Importantly, the Core UI-Agent interacts with the user with the output_stream method. By default, this simply prints the MESSAGE to the Terminal/Bash window, prefaced by the TAG (e.g. "UI-AGENT"), but system integrators could easily subclass the UI-Agent and define a new mode of user interaction, such as speech or even a GUI.

prompt(self)

This begins a loop wherein the UI-Agent continually prompts the user for input. This includes "control" input, like 'd' (for debug mode, which prints out n-tuples using the output_stream method), and 'q' (which quits the system), but also normal language input, like "John ran into the room", or "Robot1, push the blue box 3 inches north!"

In the case of language input, the UI-Agent calls process_input, and if a valid JSON n-tuple is produced, it sends the n-tuple to the Problem Solver.

process_input(self, msg)

This is the main control method of the UI-Agent. It takes a String as input, which it feeds to the ECG Analyzer. The UI-Agent then passes the resulting SemSpec (or SemSpecs) to the Specializer, to produce an n-tuple, and returns a JSON-encoded version of the n-tuple.

process_clarification(self, tag, msg, ntuple)

This method is called when the Problem Solver requests clarification on an under-specified input, such as "the red box" when there are multiple red boxes. In this case, the UI-Agent prompts the user for more input, using the message sent back from the Problem Solver, e.g.:

> which red box?

The user's response is then parsed, specialized, and integrated back into the original n-tuple, which is then sent back to the Problem Solver.

callback(self, ntuple)

All classes that inherit from the Core-Agent have a callback method. When an Agent subscribes to a particular channel, it specifies that this callback method should be called when messages are received on that channel. Multiple callbacks can be defined for different channels.

The Core UI-Agent defines only one callback method, which is used when it subscribes to the Problem-Solver channel. In the case of most n-tuples from the Problem Solver, the UI-Agent simply prints the encoded message to the screen using output_stream, such as:

>> FED1_ProblemSolver: Sorry, I don't know what you mean by 'the purple box'.

In the case of a request for clarification, the process_clarification method is called.

ECG Analyzer

The ECG Analyzer (Bryant 2008) uses an ECG Grammar to produce a syntactic and semantic analysis of an utterance, called a Semantic Specification (SemSpec). Below is the SemSpec for the sentence "John saw the box"; note that the nested boxes with a red "S" denote schemas and their roles (the meaning pole), and the boxes with a green "C" denote constructional spans and their features.

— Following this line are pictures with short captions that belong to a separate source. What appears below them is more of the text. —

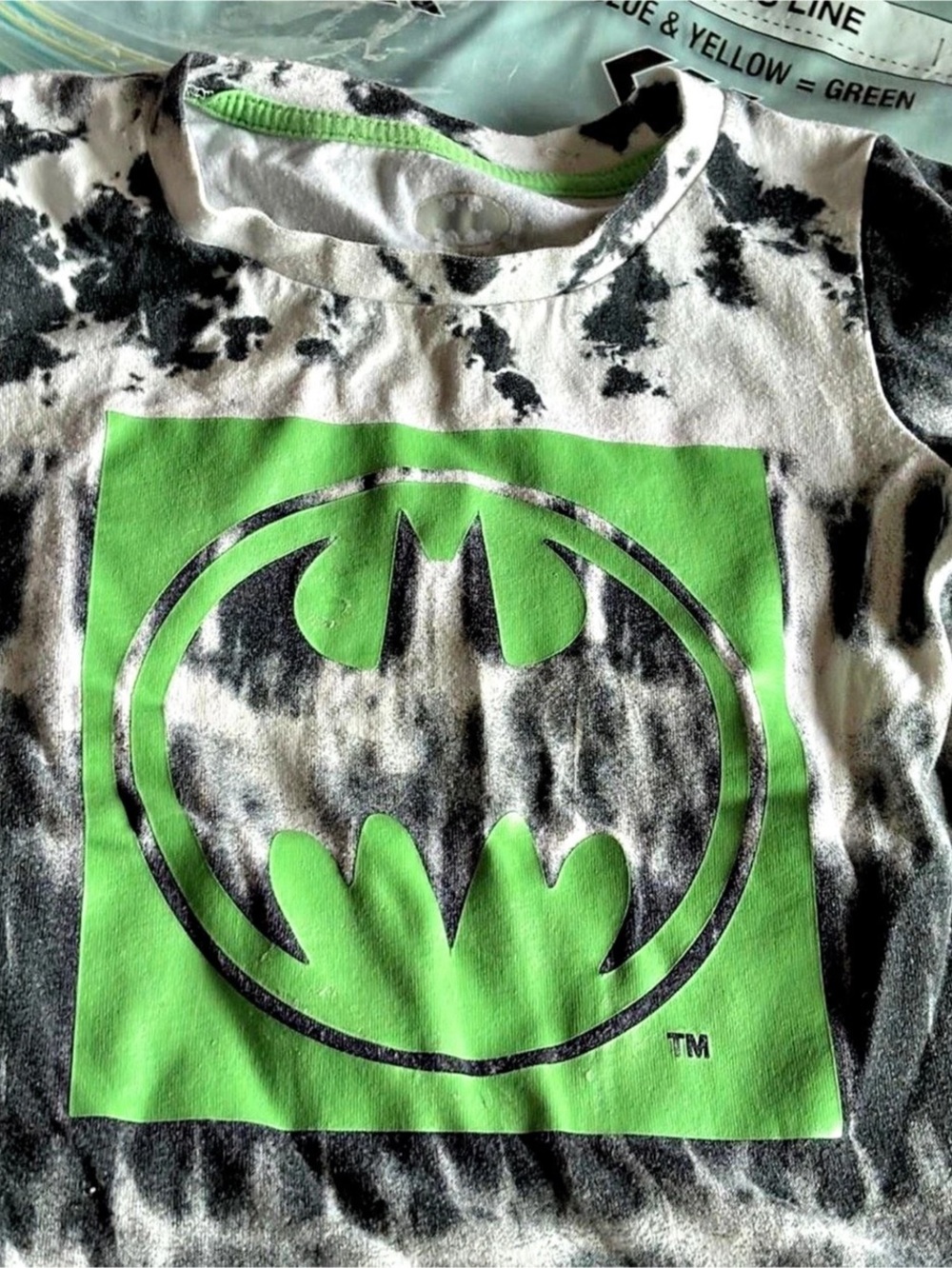 Batman Graphic Tie-Dye Tee in Green & Black Like New
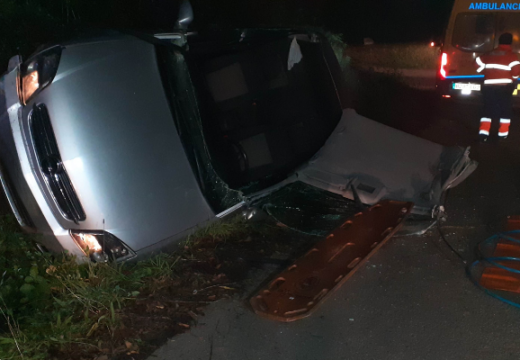 Unha persoa queda atrapada no seu vehículo en Erboedo, Concello de Laracha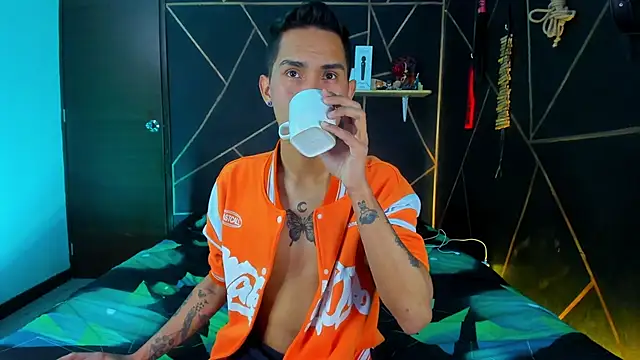 Snapshot of MillersKink chatting on 03.07.25 MillersKink online show from 03.07.25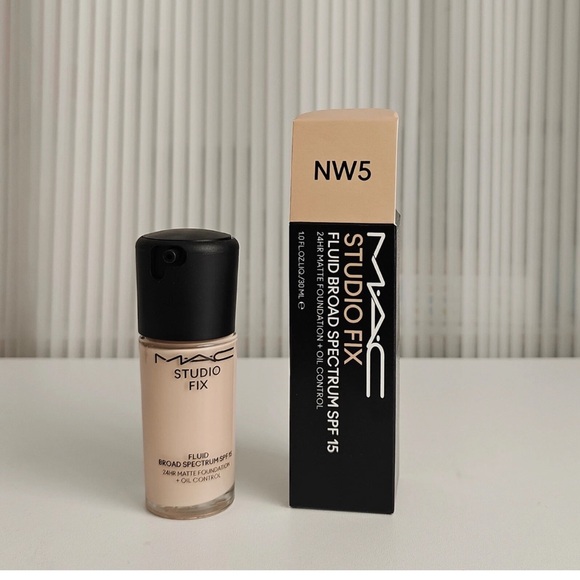 MAC Cosmetics Studio Fix Fluid Spectrum SPF 15 Color-NW5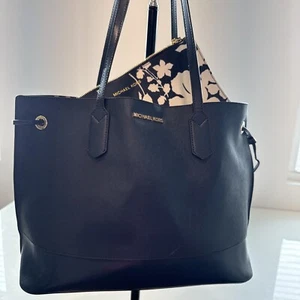 Bolso de mano Michael Kors Trista de cuero con cordón - Imagen 1 de 24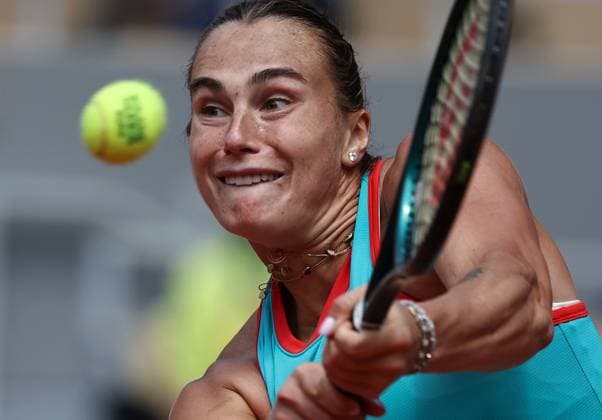 (250603) -- PARIS, June 3, 2025 -- Aryna Sabalenka returns a shot during the women s singles quarterfinal between Zheng Qinwen of China and Aryna Sabalenka of Belarus at the French Open tennis tournament at Roland Garros, Paris, France, June 3, 2025. ) (SP)FRANCE-PARIS-TENNIS-FRENCH OPEN-WOMEN S SINGLES-QUARTERFINAL LixJing 
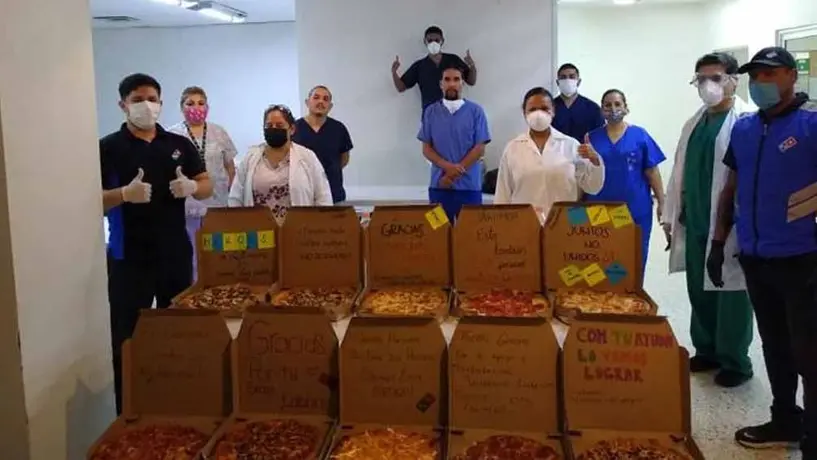 Personal del IMSS Saltillo recibió pizza gratis por combatir el COVID-19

(Sample SemSpec for "John saw the box")

In terms of the underlying theory, this SemSpec contains the parameters to produce action or simulated action. Details of the parsing procedure are discussed in Bryant's dissertation, but for our purposes, the most important aspect is that the Analyzer does not change across applications - the same "core" Analyzer can be used for any purpose.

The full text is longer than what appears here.